Adolphus Wabara came in and like his two
impeached predecessors, he was soon swallowed in the quicksand of
controversy. By 2005, allegations were made that he and others took a
$400,000-bribe from the then Minister of Education, Fabian Osuji. Wabara
resigned as Senate President, while Ken Nnamani was elected to succeed
him. Nnamani presided over the senate from 2005 to 2007.
It was a tumultuous Senate until a former
military governor. Senator David Mark, took over the reins of
leadership in the chamber on June 6, 2007. His two-term tenure as Senate
President was considered to be largely stable and successful. Mark was
in the saddle till June 9, 2015, when Bukola Saraki took charge.
Prior to Saraki’s emergence, all previous
Senate presidents were members of the Peoples Democratic Party. Before
the 2015 elections, Saraki had defected from the PDP to the All
Progressives Congress and his emergence as Senate President was fraught
with drama, which left the Senate inchoate.
On June 6, this year, the APC announced
Senator Ahmed Lawan and Senator George Akume as sole candidates for the
position of President and Deputy Senate President of the eighth Senate
respectively, following a shadow election conducted by the National
Working Committee of the party.
The National Secretary of the APC, Mala
Buni, who served as returning officer, announced that 33 senators were
accredited to vote after which Lawan got 32 votes. One vote was declared
invalid. A similar procedure was adopted in the election of Akume, who
also got 32 out of the 33 votes. But Saraki, who was also interested in
the senate presidency, had boycotted the shadow election along with his
loyalists.
That was the handwriting on the wall.
The party’s hierarchy, sensing a
potential crisis, tried to maintain a common front by making frantic
efforts to ensure that its senators-elect toe the party line. Part of
such efforts was a meeting purportedly called by President Muhammadu
Buhari on the day federal lawmakers were to be inaugurated and for the
National Assembly members to elect their leaders.
The meeting ended abruptly as news
filtered in that Saraki had become the new President of the Senate,
while a PDP senator, Ike Ekweremadu, was elected the deputy senate
president for the third time in a row.
The APC issued a statement rejecting
Saraki and Ekweremadu as Senate President and Deputy Senate President,
respectively. It also threatened to sanction Saraki and his loyalists.
Even a group of senators under the aegis of Senate Unity Forum, led by
Barnabas Gemade and Kabiru Marafa, threatened to take legal action
against Saraki, claiming that the election of the former Kwara State
governor did not follow due constitutional procedure.

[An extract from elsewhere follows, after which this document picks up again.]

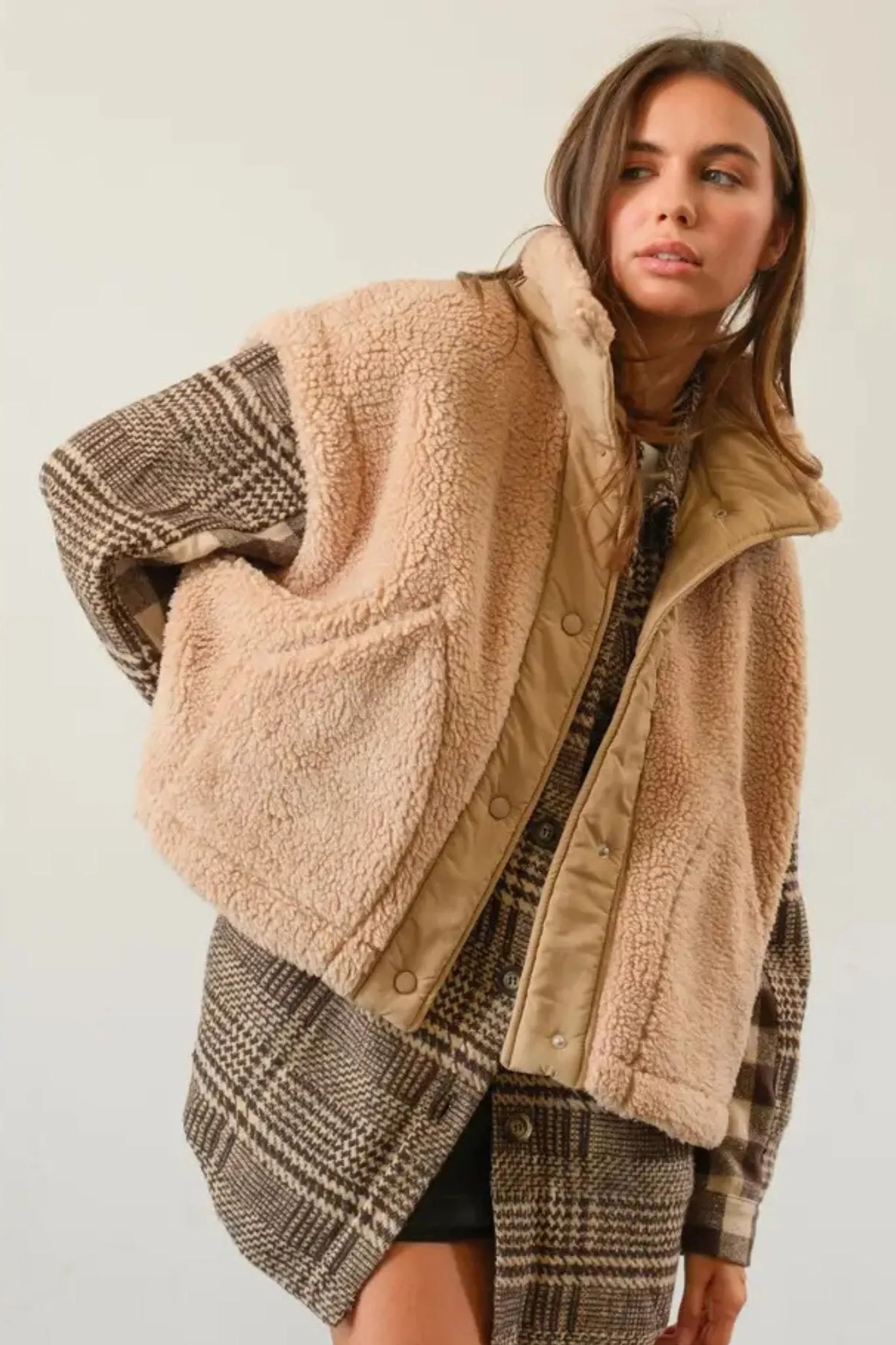 Teddy Vest in Tan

Gemade noted that, “Since it takes
two-third of members to impeach the Senate President, two-third of the
members should also, have been in attendance before he (Saraki) was
elected. The Clerk of the National Assembly (Salisu Maikasuwa), knowing
full well that the quorum for election of the Senate President was not
met, went ahead to conduct an election that shut the door against about
51 other senators. This will remain unacceptable until what would meet
democratic parameters is done.”
On June 10, Marafa, who raised a point of order protesting how Saraki became the Senate President, called for an investigation.
“The news was that the Senate was
inaugurated with 57 senators while 51 senators-elect were absent. I want
to put it on record that after the swearing in, I was handed down
Senate standing orders as amended. I want to say that as an active
member of the 7th Senate, I cannot recall where and when the Senate
orders were amended or tabled for any amendment or corrections. I think
it is worthy of notice that this act was perpetrated and the Senate
should call for a full investigation of what happened and where this
document emanated,” he said.
Disagreeing with the SUF, Shehu Sani, an
APC senator, stated that the election which produced Saraki as President
of the Senate was constitutional and followed due process. But his
point of order was overruled, leading to Lawan and 28 other senators of
the ruling party storming out of the chamber.
From that time point onward, the Senate has remained unsettled and shaky, calling for one adjournment after the other.
The ruling party had in a letter to
Saraki named Lawan as its choice for the Majority Leader; Sola Adeyeye
as the Chief Whip; George Akume as Deputy Majority Leader; and Abu
Ibrahim as Deputy Chief Whip.
In
what many regarded as unmistakable defiance, Saraki refused to announce
the party’s candidates for the upper chamber’s principal positions.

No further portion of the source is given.